Given a sorted array of integers, find the starting and ending position of a given target value.

Your algorithm's runtime complexity must be in the order of O(log n).

If the target is not found in the array, return [-1, -1].

For example,
Given [5, 7, 7, 8, 8, 10] and target value 8,
return [3, 4].

Solution1:

　　Apparently this problem is a test for binary search. You could either use the function upper_bound() and lower_bound() provided by STL <algorithm>, or write one for yourself.
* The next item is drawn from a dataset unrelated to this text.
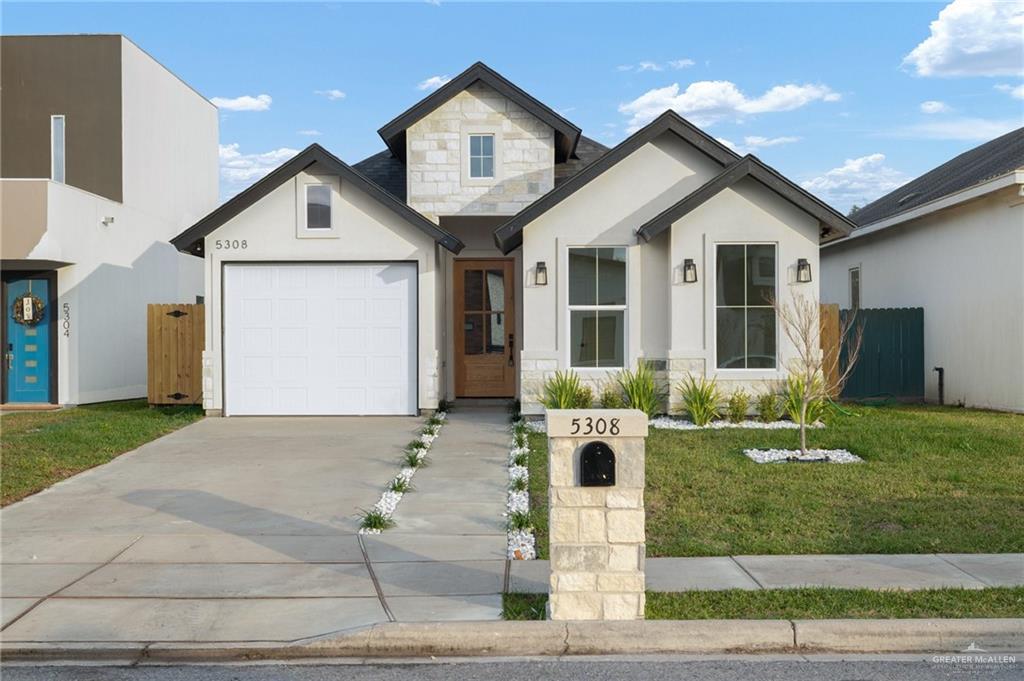 View of front of home featuring a front yard and a garage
　　Total time complexity is O(log(n)). Space complexity is O(1).

Accepted code:

// 1AC, the code can be shorter, but..1AC is just fine.
class Solution {
public:
    vector<int> searchRange(int A[], int n, int target) {
        vector<int> res;
        int ll, rr, mm;
        int i1, i2;
        
        if (A == nullptr || n <= 0) {
            res.push_back(-1);
            res.push_back(-1);
            return res;
        }
        
        if (n == 1) {
            if (A[0] == target) {
                res.push_back(0);
                res.push_back(0);
            } else {
                res.push_back(-1);
                res.push_back(-1);
            }
            return res;
        }
        
        if (target < A[0] || target > A[n - 1]) {
            res.push_back(-1);
            res.push_back(-1);
            return res;
        }
        
        if (target == A[0]) {
            i1 = 0;
        } else {
            ll = 0;
            rr = n - 1;
            while (rr - ll > 1) {
                mm = (ll + rr) / 2;
                if (A[mm] < target) {
                    ll = mm;
                } else {
                    rr = mm;
                }
            }
            if (A[rr] != target) {
                res.push_back(-1);
                res.push_back(-1);
                return res;
            } else {
                i1 = rr;
            }
        }
        
        if (target == A[n - 1]) {
            i2 = n - 1;
        } else {
            ll = 0;
            rr = n - 1;
            while (rr - ll > 1) {
                mm = (ll + rr) / 2;
                if (A[mm] > target) {
                    rr = mm;
                } else {
                    ll = mm;
                }
            }
            if (A[ll] != target) {
                res.push_back(-1);
                res.push_back(-1);
                return res;
            } else {
                i2 = ll;
            }
        }
        res.push_back(i1);
        res.push_back(i2);
        return res;
    }
};

Solution2:

　　The STL version.

Accepted code:

// 1AC, very smooth.
#include <algorithm>
using namespace std;

class Solution {
public:
    vector<int> searchRange(int A[], int n, int target) {
        vector<int> res;
        
        res.push_back(-1);
        res.push_back(-1);
        if (A == nullptr) {
            return res;
        }
        
        int *px, *py;
        int ix, iy;
        
        px = lower_bound(A, A + n, target);
        ix = px - A;
        if (ix >= n || A[ix] != target) {
            // not found
            return res;
        }
        
        py = upper_bound(A, A + n, target);
        --py;
        iy = py - A;
        res[0] = ix;
        res[1] = iy;
        
        return res;
    }
};